First off, there's no guy. Just because he has a girl on the side (and has been having her for the past 6 months) doesn't mean I'm just as shady. He's always been the cheater. I've always been faithful. I just don't want to constantly see his texts. I still have emotions I'm trying to get over, regarding him, and I would prefer just to have email communication, so I can read them when I want to, and not have them constantly in my face every time I go to use my phone.
He gets very mean, and extremely rude when he even *thinks* about me with some guy (which he always makes up in how own head that I have all these guys lined up). But god forbid I say anything about his precious "Jenny Wright" and then he loses it and says it's not about her. I'm so tired of whatever abuse this is. Yeah, I'm sad that my little family didn't work out. That my kid's parents couldn't cut it, as a married couple.
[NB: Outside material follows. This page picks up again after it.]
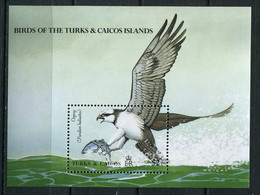 Turcks Et Caiques ** Bloc  88 - Oiseaux - Aigle Pêcheur - Kolibries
I know it's for the best, because he's insane, depressed, bi-polar, suicidal and has severe anger management issues.. but when does it start getting easy? And why do I have to be so fucking broke?! Juliet and I were use to a life of our own home, never wanting for anything, never living paycheck to paycheck, being able to take her out and to fun places. Now.. .I can barely afford face lotion. Or contact lense solution. I fear I may be late on my car payments, I try to be able to have rent money, and I still have other expenses. Why does he get to live off of unemployment, sitting happily on his ass at his parents house, with his mistress a couple of hours away, while Juliet and I live the way we do, over HIS choices of destroying our family and any chance of fixing it.
Good luck to his new woman. She didn't give a shit before, let's hope she starts giving a shit, when all of this comes back to her 10 fold. And how dare he put me down for having two mediocre jobs?! At least I have a job.. and I have TWO!! Yeah, they pay minimum wage, yeah, they're mediocre... but I have to climb my way back to the top, after you dumped me into what seemed like a bottomless pit of abandonment and hopelessness. He's such a fucking hypocrite, all the time and I'm so sick of it. Just give me the money for your child you say you supposedly love so much, help me get rid of the debt we BOTH ACCRUED WHILE MARRIED and then get the fuck out of my life. Kthnx.